Have you ever heard a 21 gun salute given at a military funeral?
The first one I experienced was at the funeral of a WWII flight nurse. She had told me stories of her involvement and I listened, just as I have heard hundreds of stories from veterans and their families. Funerals are typically solemn and respectful, and yet to hear the guns fire, made me emotional. The bursts of sound, followed by the playing of Taps, made me proud of my country, and filled me with awe and respect for the service this woman did, specifically. It was a level of respect and honor I hadn’t experienced before.
The practice itself dates back to warriors, who would place spears in the ground, point-side down to display the lack of hostility. Later, ships coming into harbor would shoot into the open sea to fully discharge their weapons to exhibit the same sign of peace.
This tradition evolved with the change of weaponry in the 14th century. Battlefields were equipped with cannons and firearms and their blasts at the end of battle where to discharge the weapon. Additionally, three fires were a sign to cease fire to allow for the clearing of the dead from the field. It was then used again to signify they were cleared and taken care of, allowing battle to resume.
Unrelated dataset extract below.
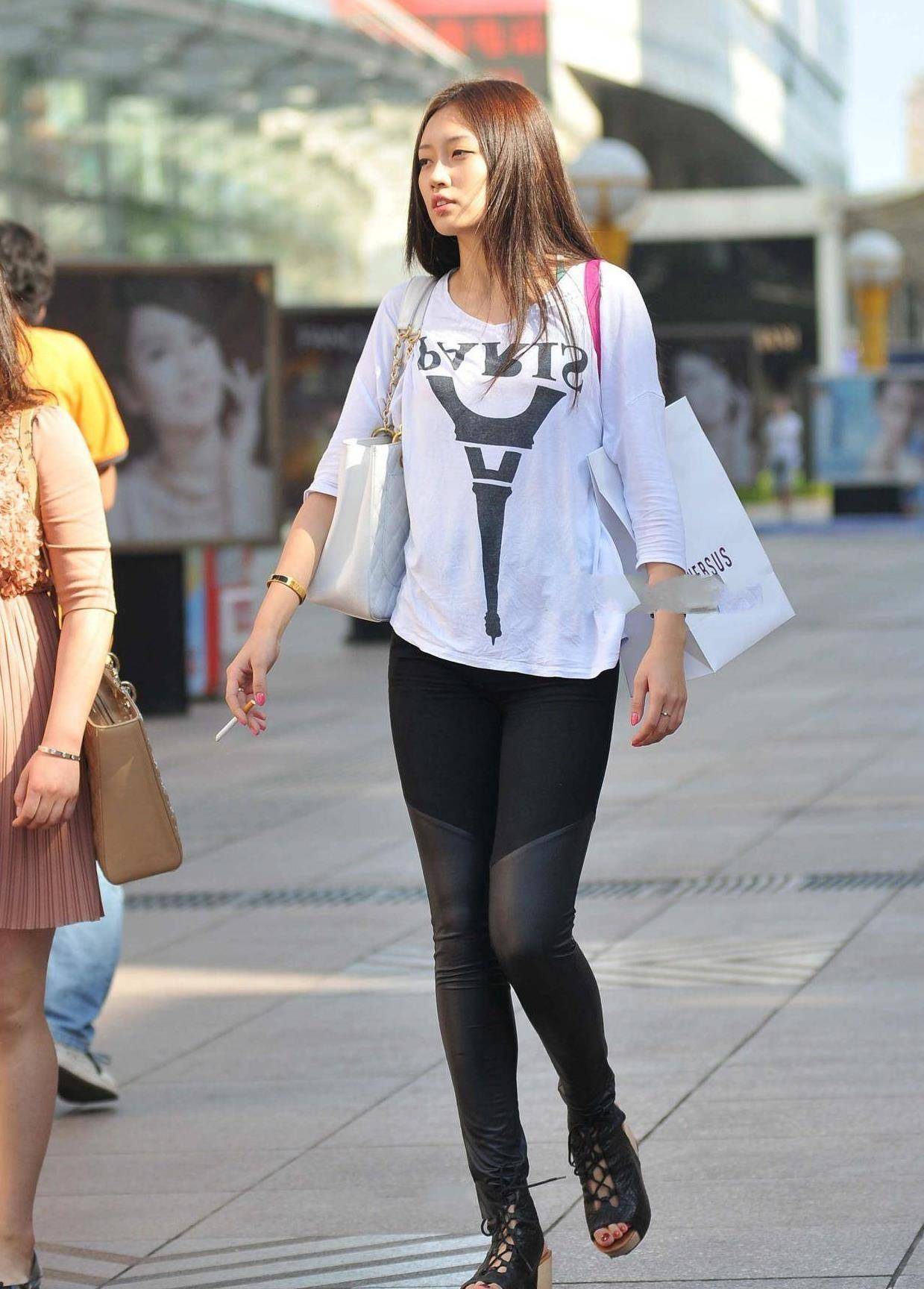 原创微胖姐妹出门逛街我认为第二个更好看你喜欢一位呢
Today, the use of firing salutes is used in military funerals to honor the fallen for their service. Given its history of being used to signify the end of hostility and battle, the metaphor it creates in regard to the the end of life, full of its own battles, is poetic.
The 21-Gun Salute vs. the 3-Volley Salute
Many people mistakenly confuse a 21-gun salute with a 3-volley salute. A true 21-gun salute is reserved for heads of state and heads of government and is considered the highest honor to be given. The number of rounds fired have to do with branch and rank of the deceased. In the 3-Volley Salute, a variety of shooting weapons can be used. The firing team can consist of any number of shooters and they fire together 3 times.
Military Funeral Honors
Funeral Salutes are one of many military traditions for funerals, and is part of VA benefits available for retired military, honorably discharged veterans and veterans killed in the line of duty. It is not a guaranteed benefit, as it is subject to availability.
Military funeral honors include the folding and presentation of the American Flag and the sounding of Taps. Taps, performed by a bugle, and Salutes, are subject to availability. Veteran’s family members can request military funeral honors through the funeral director who then contacts the appropriate Military Service to arrange the honors.